▶ WORK ORDER
From the data underneath, reproduce exactly the stretch that begins at the line with "Malone family dog Bob dies" and ends after the line with "ПРЕМИЕРА НА НОВ РОМАН В ЯМБОЛ".

▶ RECORDS SHOWN
-*-*-
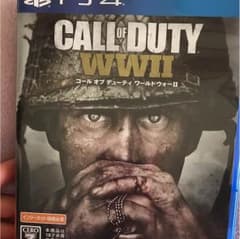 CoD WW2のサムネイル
-*-*-
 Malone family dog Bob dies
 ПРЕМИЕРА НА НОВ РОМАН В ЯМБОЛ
-*-*-
▶ REPLY
 Malone family dog Bob dies
 ПРЕМИЕРА НА НОВ РОМАН В ЯМБОЛ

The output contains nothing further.